Add task pipeline to asyncio with capped parallelism and lazy input reading

jsbueno · February 12, 2025, 9:23pm

On a short note, maybe building an API for this on top of TaskGroup, instead of a callable could lead to a more readable pattern - and it would be easy to do by subclassing asyncio.TaskGroup.

What do you think?

missing-stardust · February 13, 2025, 6:29am

Thanks for your suggestion! I think a TaskGroup could be used to manage the workers and feeders.

I’m not sure whether subclassing or composition is the right way to go, but subclassing would add a little more flexibility, so it’s worth consideration.

asvetlov · February 13, 2025, 11:06am

asyncio design discourages inheritance except for implementing asyncio protocols, which are basically pure interfaces.
Thus, inheriting from TaskGroup is not a good idea.

jsbueno · February 13, 2025, 5:09pm

Also,

I have a small “extraasync” package for asynchronous utils here -

and I decided to add a “max_concurrency” parameter to my ExtraTaskGroup
class there, based on this idea.

If you feel like contributing your pipeline call, which can be altogether nice,
please, fill an issue there with details, and some code if you have. (I intend to
release the “max_concurrency” feature soon)

jsbueno · February 13, 2025, 6:28pm

(dunno - I made the Semaphore embeded task group, and it doesn’t look that useful now it is done.

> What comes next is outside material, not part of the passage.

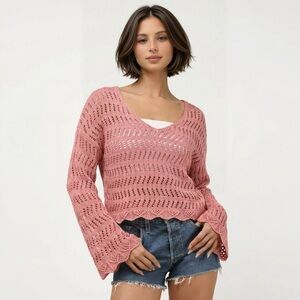 NWT $75 Women’s Dex Apricot 100% Cotton Open Knit Crochet Sweater Size Medium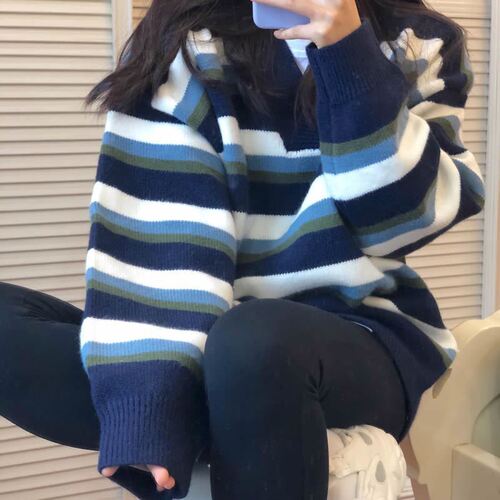 Striped sweater for women, autumn loose outer wear, retro pullover, lazy top, autumn dress, Korean loose knitted outer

Maybe a nice pipeline build, allowing one to state per-stage parallelism, if needed, can be more interesting) -

Your example would read like this, using the TG approach:

# Original example by Martin Jurča on Python-ideas discourse

import asyncio
from extraasync import ExtraTaskGroup

import aiofiles


async def generate_completion(item: str) -> str | None:
    ...
    return await some_api_client.do_stuff(item)

async def main():
    async with (
        aiofiles.open("input.txt", "r") as in_f,
        aiofiles.open("output.txt", "w") as out_f,
        ExtraTaskGroup(max_concurrency=16) as tg,
    ):
        async for line in in_f:
            await out_f.write(f"{await tg.create_task(generate_completion(line))}\n")


asyncio.run(main())

The main “issue” being there is no visible gain over using an explicit
Semaphore context block inside the for loop:

async def main():
    semaphore = asyncio.Semaphore(16)
    async with (
        aiofiles.open("input.txt", "r") as in_f,
        aiofiles.open("output.txt", "w") as out_f,
    ):
        async for line in in_f:
            with semaphore:
                result = await generate_completion(line)
            await out_f.write(f"{result}\n")

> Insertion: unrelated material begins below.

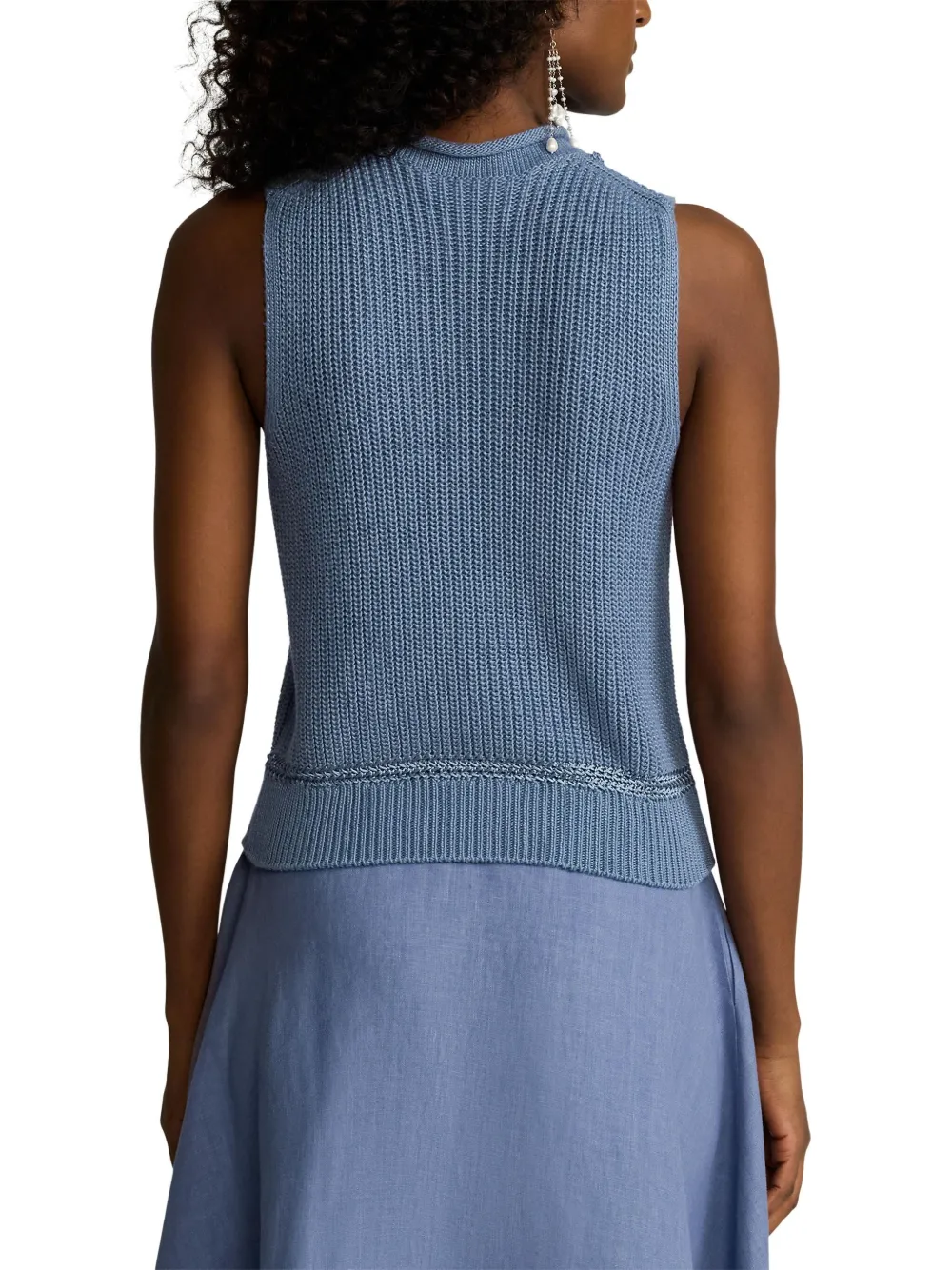 Shop Ralph Lauren Ribbed-knit Top In Blau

missing-stardust · February 15, 2025, 8:51am

@jsbueno You are right that your current design for ExtraTaskGroup does not seem to provide any benefit over the semaphore-based one - because it does not actually achieve any parallelism, due to your code awaiting each item right after submitting it, thus processing them in sequence.

Here is a snippet demonstrating it:

import asyncio
import random


async def async_range(end):
    for i in range(end):
        yield i


active_tasks = 0


async def foo():
    global active_tasks
    active_tasks += 1
    print(f"Active tasks: {active_tasks}")
    await asyncio.sleep(random.random())
    active_tasks -= 1


async def main():
    semaphore = asyncio.Semaphore(16)
    async for _ in async_range(10):
        async with semaphore:
            await foo()

asyncio.run(main())

The output will contain “Active tasks: 1” on every line.

In order to achieve parallel execution of tasks, you will need to handle task orchestration within the ExtraTaskGroup, providing items and a mapping callback, line pipeline or Executor does - otherwise you’ll need to keep track of running tasks, current parallelism, and procuring results yourself.